● **Goal of the exercise**
Restate word for word the material below, starting at the line that contains "Coperta da picnic" and stopping after the last line; skip pictures.

● **Given records**

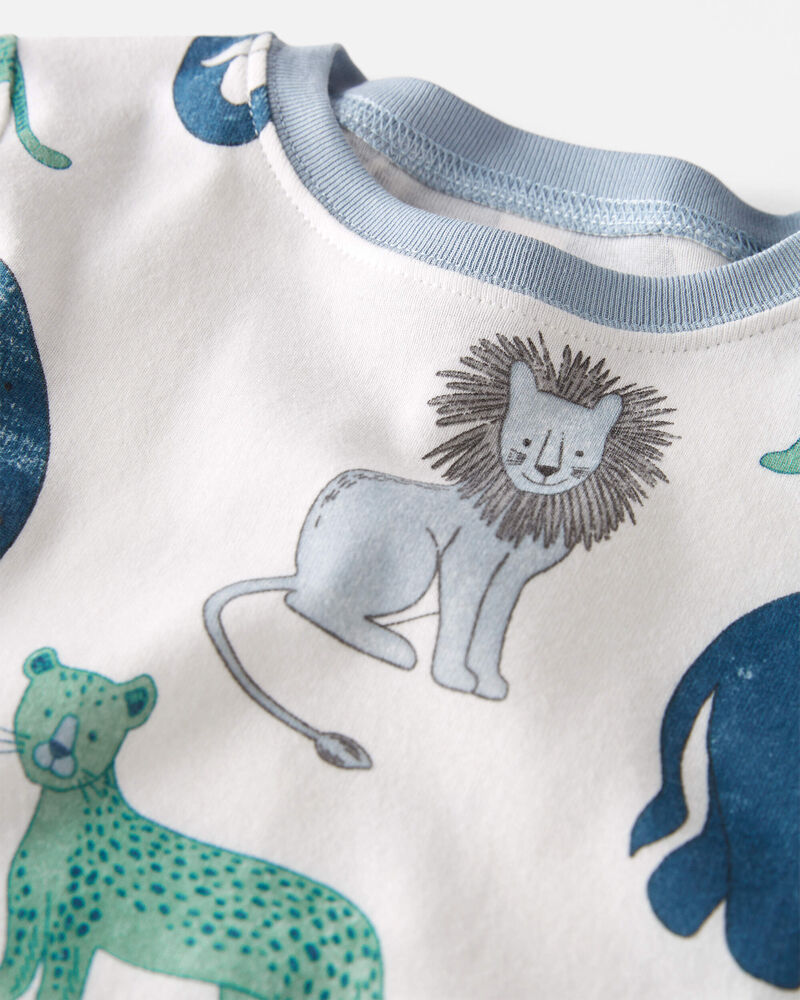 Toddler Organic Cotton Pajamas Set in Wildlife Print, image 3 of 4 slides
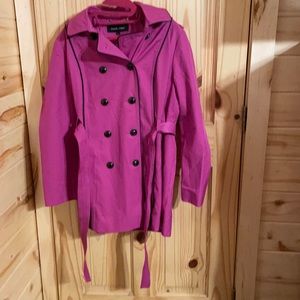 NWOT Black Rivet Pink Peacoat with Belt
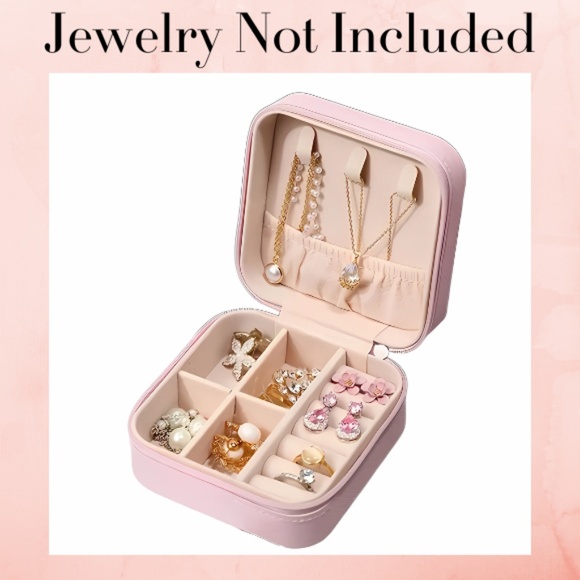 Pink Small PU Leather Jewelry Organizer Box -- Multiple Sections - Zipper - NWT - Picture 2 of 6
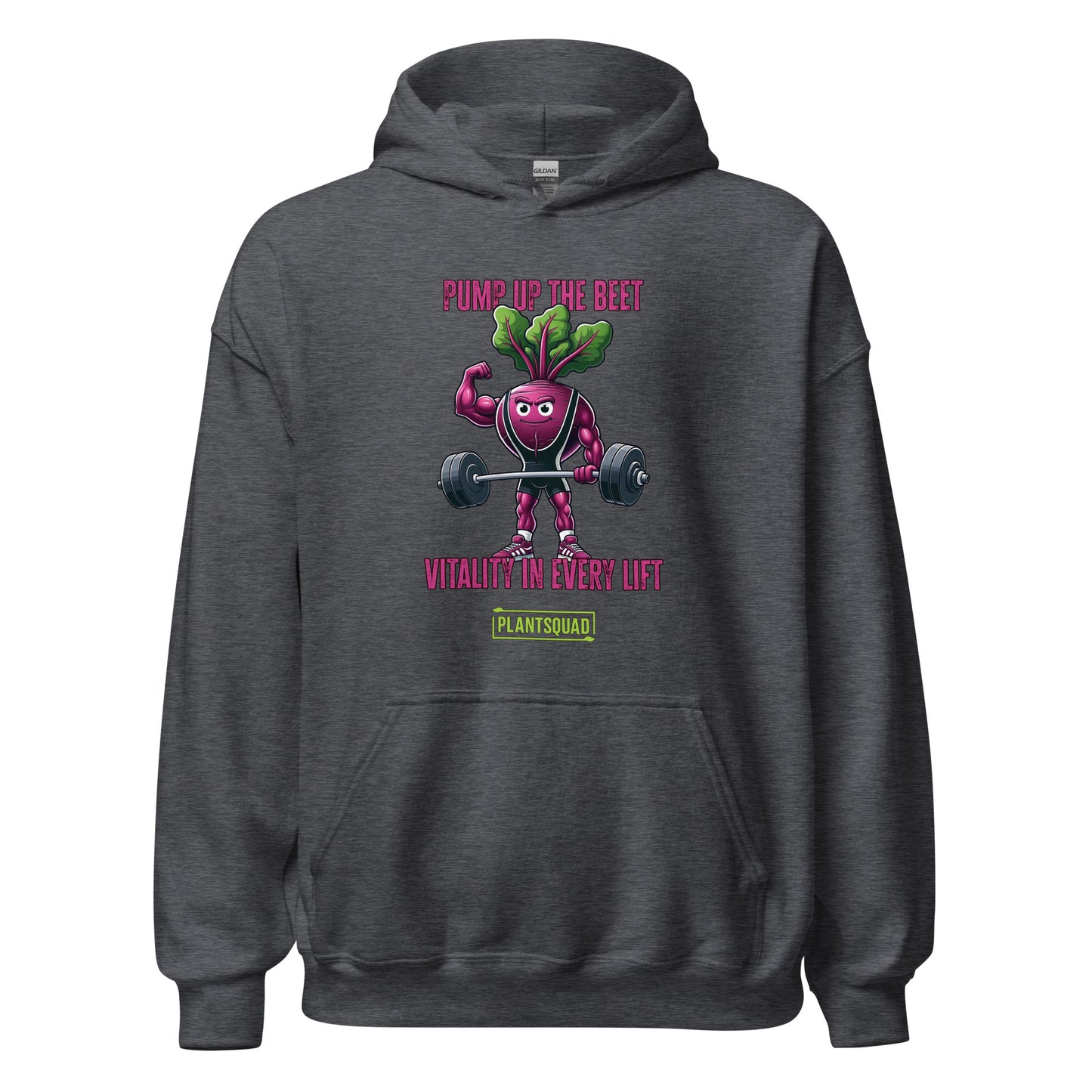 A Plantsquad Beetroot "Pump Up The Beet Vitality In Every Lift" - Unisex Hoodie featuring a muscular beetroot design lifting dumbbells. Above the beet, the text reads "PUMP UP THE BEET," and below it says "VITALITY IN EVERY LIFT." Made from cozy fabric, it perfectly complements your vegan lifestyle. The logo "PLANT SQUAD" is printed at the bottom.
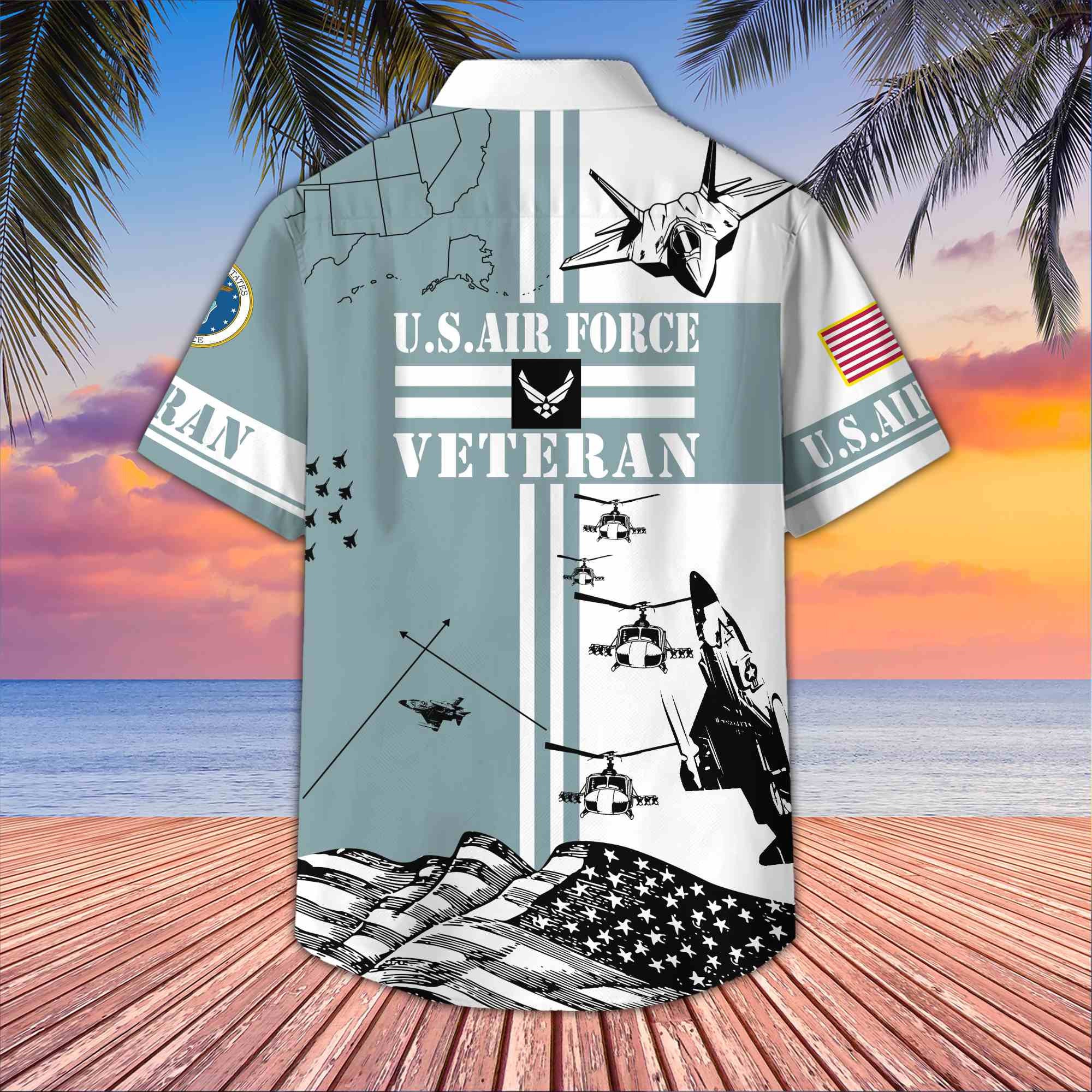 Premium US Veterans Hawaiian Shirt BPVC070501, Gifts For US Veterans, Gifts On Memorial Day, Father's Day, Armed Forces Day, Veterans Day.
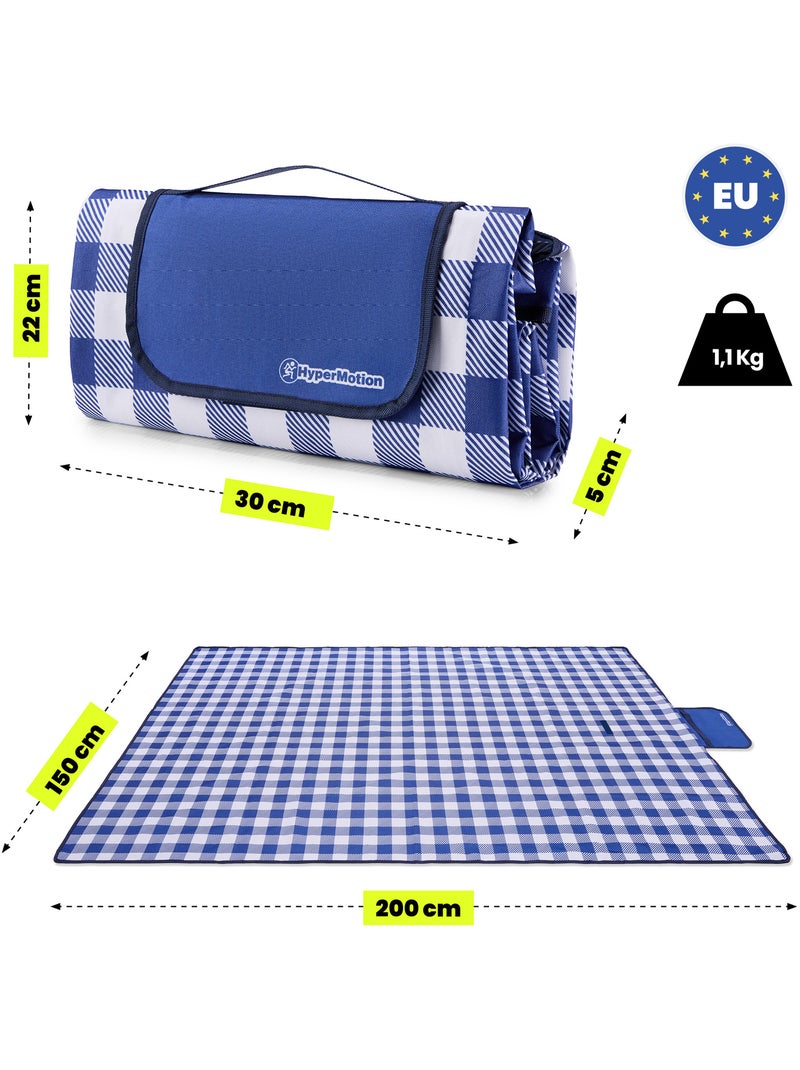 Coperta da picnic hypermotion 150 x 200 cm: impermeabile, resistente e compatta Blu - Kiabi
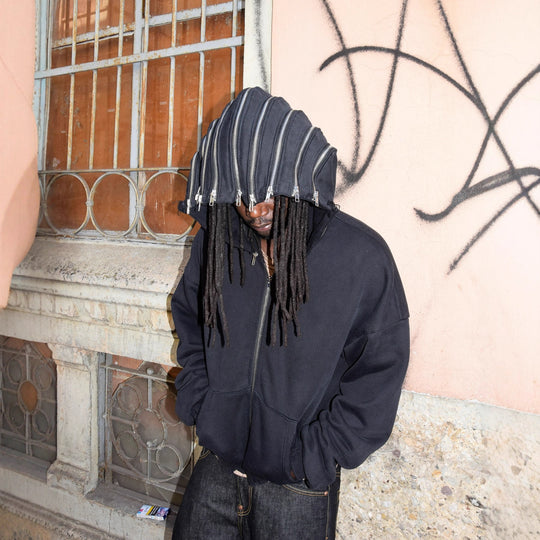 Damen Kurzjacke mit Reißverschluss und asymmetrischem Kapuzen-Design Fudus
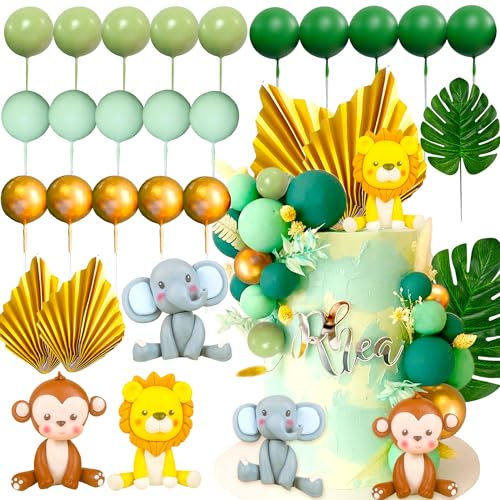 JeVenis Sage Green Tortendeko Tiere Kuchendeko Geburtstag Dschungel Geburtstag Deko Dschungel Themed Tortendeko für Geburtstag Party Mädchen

● **Answer box**
 Coperta da picnic hypermotion 150 x 200 cm: impermeabile, resistente e compatta Blu - Kiabi
 Damen Kurzjacke mit Reißverschluss und asymmetrischem Kapuzen-Design Fudus
 JeVenis Sage Green Tortendeko Tiere Kuchendeko Geburtstag Dschungel Geburtstag Deko Dschungel Themed Tortendeko für Geburtstag Party Mädchen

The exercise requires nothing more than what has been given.